The brand’s founder, Roger Dubuis, who died in October, had a significant impact on Mr. Pontroué’s approach to watchmaking. “Of course you need to create spectacular platforms, spectacular products, limited editions, crazy materials but what makes you different is the human touch and that’s what I learned from Roger big time,” he said. “It’s something you can’t buy today when you go to a store.”

And, Mr. Pontroué said, working with creative people like John Galliano and Alexander McQueen at Givenchy, where he was sales manager in the late 1990s, also taught him how to translate intense creativity into business operations, as “you can’t drive these people.”

“They didn’t work with the same rhythm as the sales or business side, same as Roger,” he said. “This is something that brands in the luxury world are forgetting — the capacity of an organization to integrate creativity, giving it the same rhythm as other departments.”

Mr. Pontroué then joined Richemont, spending 11 years on product management at Montblanc, narrowing his focus to watches at Roger Dubuis. (He still wears the Roger Dubuis Skeleton double tourbillon watch he received the day he joined the company “so I can explain the concept easily to clients,” he said).

With the watch market slowly recovering from the downturn of the last few years (figures from November, the most recent available, show that Swiss watch exports increased 6.3 percent year over year, according to the Federation of the Swiss Watch Industry), Mr.

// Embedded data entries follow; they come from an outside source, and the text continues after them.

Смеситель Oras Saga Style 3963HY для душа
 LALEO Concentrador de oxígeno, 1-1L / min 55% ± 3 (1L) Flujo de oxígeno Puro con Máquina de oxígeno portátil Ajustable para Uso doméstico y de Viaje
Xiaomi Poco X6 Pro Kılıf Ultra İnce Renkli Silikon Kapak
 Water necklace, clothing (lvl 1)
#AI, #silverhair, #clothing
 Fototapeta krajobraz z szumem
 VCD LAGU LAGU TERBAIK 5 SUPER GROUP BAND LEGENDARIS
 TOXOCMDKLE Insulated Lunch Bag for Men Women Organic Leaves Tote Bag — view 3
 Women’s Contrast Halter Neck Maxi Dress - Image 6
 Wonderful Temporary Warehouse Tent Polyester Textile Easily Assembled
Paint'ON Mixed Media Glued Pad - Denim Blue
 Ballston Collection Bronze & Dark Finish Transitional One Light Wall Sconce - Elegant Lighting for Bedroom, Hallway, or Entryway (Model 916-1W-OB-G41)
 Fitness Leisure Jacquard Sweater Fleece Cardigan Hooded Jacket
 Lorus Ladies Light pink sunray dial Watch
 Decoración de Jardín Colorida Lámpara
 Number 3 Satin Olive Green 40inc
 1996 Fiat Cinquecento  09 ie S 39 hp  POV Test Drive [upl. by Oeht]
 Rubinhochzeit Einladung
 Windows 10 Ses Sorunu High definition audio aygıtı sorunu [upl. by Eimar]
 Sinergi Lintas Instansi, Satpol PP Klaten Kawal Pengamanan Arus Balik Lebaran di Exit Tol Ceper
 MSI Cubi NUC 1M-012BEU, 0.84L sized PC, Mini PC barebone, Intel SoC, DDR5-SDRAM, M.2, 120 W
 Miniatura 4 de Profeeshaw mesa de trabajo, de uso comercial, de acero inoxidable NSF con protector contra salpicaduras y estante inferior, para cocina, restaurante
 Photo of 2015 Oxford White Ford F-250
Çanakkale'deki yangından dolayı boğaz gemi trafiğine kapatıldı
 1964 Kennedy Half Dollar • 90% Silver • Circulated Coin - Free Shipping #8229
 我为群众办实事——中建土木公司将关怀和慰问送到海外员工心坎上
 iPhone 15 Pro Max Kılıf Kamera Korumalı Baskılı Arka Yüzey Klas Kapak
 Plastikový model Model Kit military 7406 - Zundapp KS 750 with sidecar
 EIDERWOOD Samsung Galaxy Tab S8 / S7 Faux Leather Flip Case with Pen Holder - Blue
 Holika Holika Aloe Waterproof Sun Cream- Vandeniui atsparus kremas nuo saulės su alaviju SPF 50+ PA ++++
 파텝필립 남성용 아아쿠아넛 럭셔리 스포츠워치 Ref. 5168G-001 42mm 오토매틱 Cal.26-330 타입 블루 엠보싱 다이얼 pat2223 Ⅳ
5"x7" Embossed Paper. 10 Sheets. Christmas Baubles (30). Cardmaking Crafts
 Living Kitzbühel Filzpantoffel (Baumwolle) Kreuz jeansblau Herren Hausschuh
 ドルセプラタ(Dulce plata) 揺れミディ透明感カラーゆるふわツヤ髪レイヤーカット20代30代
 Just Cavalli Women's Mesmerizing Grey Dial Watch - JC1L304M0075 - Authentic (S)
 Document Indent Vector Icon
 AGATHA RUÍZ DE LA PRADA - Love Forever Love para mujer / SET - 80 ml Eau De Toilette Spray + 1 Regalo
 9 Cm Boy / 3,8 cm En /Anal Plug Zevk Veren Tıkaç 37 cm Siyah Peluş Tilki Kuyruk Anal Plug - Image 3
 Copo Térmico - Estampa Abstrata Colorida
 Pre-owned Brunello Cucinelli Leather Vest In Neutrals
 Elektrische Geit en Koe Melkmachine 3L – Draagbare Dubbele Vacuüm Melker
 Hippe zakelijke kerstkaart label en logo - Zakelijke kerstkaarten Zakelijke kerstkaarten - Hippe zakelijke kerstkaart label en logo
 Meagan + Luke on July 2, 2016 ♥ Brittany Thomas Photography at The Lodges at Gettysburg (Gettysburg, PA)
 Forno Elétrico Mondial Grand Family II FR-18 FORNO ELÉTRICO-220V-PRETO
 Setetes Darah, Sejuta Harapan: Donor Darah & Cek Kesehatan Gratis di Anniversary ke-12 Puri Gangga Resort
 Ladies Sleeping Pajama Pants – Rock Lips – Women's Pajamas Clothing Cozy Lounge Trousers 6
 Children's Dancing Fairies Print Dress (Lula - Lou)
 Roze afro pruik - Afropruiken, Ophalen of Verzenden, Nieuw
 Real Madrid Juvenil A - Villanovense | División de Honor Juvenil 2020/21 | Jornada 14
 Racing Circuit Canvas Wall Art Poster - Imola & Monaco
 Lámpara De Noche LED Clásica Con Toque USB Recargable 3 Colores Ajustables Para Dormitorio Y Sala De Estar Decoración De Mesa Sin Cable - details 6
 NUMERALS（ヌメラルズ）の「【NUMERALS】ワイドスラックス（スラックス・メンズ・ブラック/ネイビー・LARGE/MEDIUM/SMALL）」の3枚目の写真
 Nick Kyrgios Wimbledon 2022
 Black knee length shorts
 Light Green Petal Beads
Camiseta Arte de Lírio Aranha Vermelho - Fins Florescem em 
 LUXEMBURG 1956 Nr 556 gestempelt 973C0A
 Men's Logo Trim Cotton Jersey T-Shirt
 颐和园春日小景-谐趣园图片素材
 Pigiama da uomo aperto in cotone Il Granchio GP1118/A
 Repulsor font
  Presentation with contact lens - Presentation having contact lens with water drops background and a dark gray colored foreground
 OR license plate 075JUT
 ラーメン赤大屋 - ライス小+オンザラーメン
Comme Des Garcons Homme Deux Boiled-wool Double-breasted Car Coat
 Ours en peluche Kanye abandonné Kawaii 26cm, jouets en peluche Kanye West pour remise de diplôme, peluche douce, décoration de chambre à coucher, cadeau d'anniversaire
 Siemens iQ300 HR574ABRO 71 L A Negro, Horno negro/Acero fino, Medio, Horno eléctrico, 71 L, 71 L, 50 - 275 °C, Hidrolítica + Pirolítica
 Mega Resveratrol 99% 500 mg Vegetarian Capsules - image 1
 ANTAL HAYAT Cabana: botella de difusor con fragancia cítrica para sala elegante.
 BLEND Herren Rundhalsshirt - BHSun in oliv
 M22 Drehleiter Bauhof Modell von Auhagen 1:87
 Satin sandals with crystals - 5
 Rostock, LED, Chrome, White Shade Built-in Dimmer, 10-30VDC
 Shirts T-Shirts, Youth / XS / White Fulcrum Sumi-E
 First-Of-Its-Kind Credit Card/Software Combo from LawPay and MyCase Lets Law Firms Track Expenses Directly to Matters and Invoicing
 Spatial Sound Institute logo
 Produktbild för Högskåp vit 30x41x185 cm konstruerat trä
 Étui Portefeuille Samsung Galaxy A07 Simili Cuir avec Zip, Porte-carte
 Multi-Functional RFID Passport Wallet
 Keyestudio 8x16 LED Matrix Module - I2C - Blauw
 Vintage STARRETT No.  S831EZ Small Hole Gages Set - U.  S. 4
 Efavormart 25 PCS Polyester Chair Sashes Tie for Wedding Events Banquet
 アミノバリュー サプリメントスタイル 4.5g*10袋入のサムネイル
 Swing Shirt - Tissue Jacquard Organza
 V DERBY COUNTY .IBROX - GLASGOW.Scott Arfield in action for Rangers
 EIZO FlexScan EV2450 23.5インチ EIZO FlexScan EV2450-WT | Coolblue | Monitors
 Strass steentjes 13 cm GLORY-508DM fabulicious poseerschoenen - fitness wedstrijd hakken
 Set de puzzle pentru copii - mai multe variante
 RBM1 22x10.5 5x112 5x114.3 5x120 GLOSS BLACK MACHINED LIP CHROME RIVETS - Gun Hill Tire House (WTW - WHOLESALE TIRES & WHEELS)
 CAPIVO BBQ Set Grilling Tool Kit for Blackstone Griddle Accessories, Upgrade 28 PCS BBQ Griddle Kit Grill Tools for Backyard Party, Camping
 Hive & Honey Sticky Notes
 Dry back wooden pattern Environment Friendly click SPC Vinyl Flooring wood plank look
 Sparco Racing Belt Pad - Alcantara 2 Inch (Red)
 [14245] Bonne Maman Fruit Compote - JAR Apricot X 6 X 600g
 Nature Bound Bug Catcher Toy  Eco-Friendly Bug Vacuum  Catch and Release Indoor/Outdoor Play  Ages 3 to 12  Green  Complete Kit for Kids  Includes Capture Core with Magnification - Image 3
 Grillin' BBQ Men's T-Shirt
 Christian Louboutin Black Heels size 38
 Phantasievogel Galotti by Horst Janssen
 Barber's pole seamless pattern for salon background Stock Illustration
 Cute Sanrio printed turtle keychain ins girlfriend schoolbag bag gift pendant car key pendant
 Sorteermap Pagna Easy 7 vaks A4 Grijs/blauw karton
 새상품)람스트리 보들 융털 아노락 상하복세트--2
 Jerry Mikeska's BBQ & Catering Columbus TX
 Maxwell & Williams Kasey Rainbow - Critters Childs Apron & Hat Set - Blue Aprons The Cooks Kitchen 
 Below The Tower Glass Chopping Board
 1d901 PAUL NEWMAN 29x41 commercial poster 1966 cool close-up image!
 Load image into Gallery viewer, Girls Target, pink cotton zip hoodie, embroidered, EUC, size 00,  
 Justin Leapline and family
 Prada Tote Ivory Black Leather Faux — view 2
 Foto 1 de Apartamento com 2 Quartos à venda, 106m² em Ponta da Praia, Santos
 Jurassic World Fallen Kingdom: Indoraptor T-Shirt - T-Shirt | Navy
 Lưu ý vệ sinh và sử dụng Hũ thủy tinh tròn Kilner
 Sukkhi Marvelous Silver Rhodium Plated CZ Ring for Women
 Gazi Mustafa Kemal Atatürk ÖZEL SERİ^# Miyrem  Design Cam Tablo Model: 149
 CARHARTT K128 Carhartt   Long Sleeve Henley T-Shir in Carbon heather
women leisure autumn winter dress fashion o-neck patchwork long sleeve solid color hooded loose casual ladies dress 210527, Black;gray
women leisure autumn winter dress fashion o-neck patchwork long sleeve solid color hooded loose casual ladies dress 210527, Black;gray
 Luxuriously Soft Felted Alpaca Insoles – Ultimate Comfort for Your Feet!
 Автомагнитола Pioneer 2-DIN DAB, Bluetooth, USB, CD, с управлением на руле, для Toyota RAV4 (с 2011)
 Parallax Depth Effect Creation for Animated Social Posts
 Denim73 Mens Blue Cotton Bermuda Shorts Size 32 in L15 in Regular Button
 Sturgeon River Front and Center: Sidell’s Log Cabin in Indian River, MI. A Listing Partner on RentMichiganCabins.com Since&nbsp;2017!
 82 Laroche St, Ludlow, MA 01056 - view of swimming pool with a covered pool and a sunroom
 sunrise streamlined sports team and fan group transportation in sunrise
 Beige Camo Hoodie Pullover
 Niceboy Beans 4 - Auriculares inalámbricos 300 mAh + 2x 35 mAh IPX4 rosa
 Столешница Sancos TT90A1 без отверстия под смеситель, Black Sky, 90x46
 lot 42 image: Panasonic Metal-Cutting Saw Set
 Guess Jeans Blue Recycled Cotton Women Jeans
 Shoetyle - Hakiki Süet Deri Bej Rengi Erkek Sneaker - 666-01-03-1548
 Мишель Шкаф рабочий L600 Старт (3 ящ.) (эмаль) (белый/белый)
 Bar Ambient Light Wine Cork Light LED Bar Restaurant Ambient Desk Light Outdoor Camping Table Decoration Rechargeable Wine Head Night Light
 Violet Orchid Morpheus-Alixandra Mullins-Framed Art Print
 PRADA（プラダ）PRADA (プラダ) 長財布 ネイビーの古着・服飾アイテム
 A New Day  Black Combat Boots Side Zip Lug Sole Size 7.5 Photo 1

Pontroué said last fall that he was optimistic about the industry’s future. There is, he said, growing global affluence, with more tourists making multiple purchases during their trips.

And, he said, the Chinese are buying again, as their purchasing habits have adjusted to Beijing’s anti-corruption campaign. (The federation’s November statistics said exports to mainland China were up 39.8 percent year over year, the category’s strongest growth in 30 months.)

Little wonder, then, that China has been a priority at Roger Dubuis. “We are at the beginning of our development,” Mr. Pontroué said last fall, “and there is a growing share of young entrepreneurs who have made serious money from high tech and finance to food in the last five to 10 years, and they spend millions.”

Iran also was on his list; “80 million people live there, it is a fast-growing country and there’s an appetite for luxury,” he said. “We also find Iranian customers in Paris, Los Angeles and New York, who are not ready yet for big purchases — but will be.”